Four is real young to be breeding a mare, IMO (ok, so I am opening that can of worms a little)... the tendency to do that in quarter horses and similar breeds probably accounts for a lot of the soundness problems that are so common... how much would it kill you to wait another few years when she's shown you better how she's going to turn out HERSELF.

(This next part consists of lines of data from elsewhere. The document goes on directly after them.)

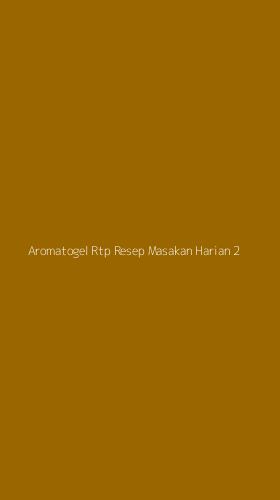 Tampilan Antarmuka Aplikasi Aromatogel Rtp Resep Masakan Harian - 2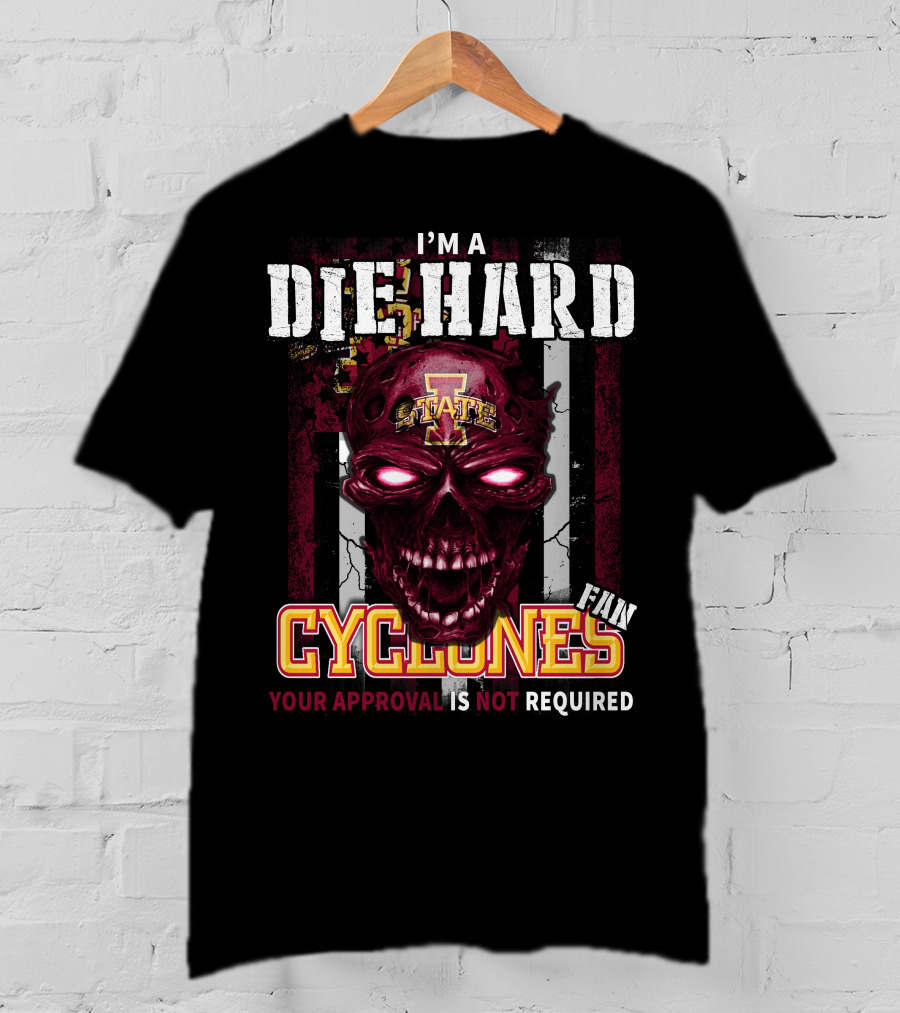 I'm A Die Hard Fan Cyclones Your Approval Is Not Required T-Shirt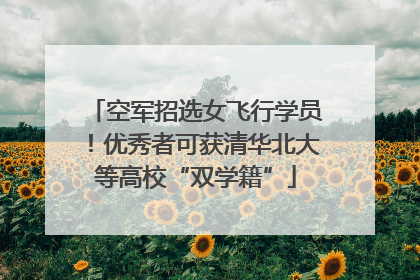 空军招选女飞行学员！优秀者可获清华北大等高校“双学籍”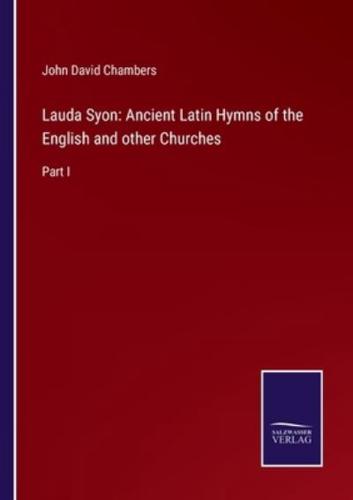 Lauda Syon: Ancient Latin Hymns of the English and other Churches:Part I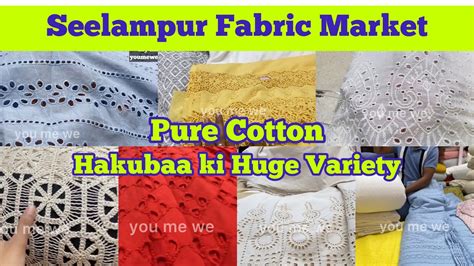 Pure Cotton Hakooba Ki Huge Variety Seelampur Market Delhi Youmewe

JMHO, good luck, have fun,

Pat


----------



## Rachel's Hobby Farm (Apr 27, 2011)

Will do.


----------



## Horsiezz (Aug 22, 2011)

I know the perfect stud for your mare!
















ISNT HE BREATH TAKING!? Hes like a Breyer Horse!!!!! <3
CW River of Gold
Registered APHA/PtHA
16 hand dunskin overo paint w/ a blue eye and half blue eye
Register of Merit(ROM) in Western Pleasure and Hunter Undersaddle
I have heard nothing but GREAT things regarding this stallion and his offspring. 
Stud fee is $500 live  and they will ship semen for $275, they are located in Ostrander, Ohio.
I am probably breeding my AQHA mare to him next Spring, they would throw some nice color, ability, a nice temperment, and conformation. 
Heres his ad: http://www.equine.com/stallions-at-stud/stallion-ad-1056782.html
Also has a Facebook page where you can see LOADS of pcitures of him and his offspring. He throws nice foals and most are successfully being shown.
Also search his name at allbreedpeigree.com to see his bloodlines.
Good luck on your search! 
By the way, the 2nd stallion is NOT a grulla! He looks like a buckskin/dunskin. He doesnt have the dark face. Heres a true grulla, my AQHA mare Gracie:


----------



## Aleah040 (Sep 24, 2011)

Hi! I have a grulla tobiano paint mare, who I will be breeding to another grulla, Jacks Smoking Guns, this spring. If you google his name his facebook page will come up. He'll be a 3 yr old when they start his breeding program, but he has the BEST disposition. He's homozygus for dun AND black gene. I worked with him as a yearling and he won Reserve World Champion in yearling longeline at the IBHA, N.S.B.A. Open Yearling Longe Line Champion at the Color Breed Congress 2010, 2010 Central State Horse Show Association: Grand Champion 2 & Under Open Halter. Finished top 15 at Quarter Horse Congress in Yearling Longe Line. He has a point in the N.S.B.A a ROM in Dun Factor. I no longer worked with him when it came time to ride him, couldnt get along with the man that showed him, so I am not certain on what awards he has won as a 2 yr old under saddle. I do know that they are showing him in Western Pleasure, Huntseat, Halter, and Dun Factor. I absolutely LOVE this stud, he is very smart and always wanting to learn. I was the first person on his back, and he didnt flinch. He just aims to please. If you decide on an older, more proven horse, keep an eye on this guy as he and his babies get to prove theirselves. At 2, he is almost 16.1 and weighs 1250, and is Homozygous for the dun AND black gene. His stud fee is $750. If i knew how to post a pic on here i would lol, but if you google his name his facebook page will come up. Let me know if you consider him!


----------



## mydakota (Sep 24, 2011)

I don't know that  your mare isn't breeding-worthy, so please don't take anything I am about to say as an attack.  For all I know, she may fit all the criteria I am about to mention. 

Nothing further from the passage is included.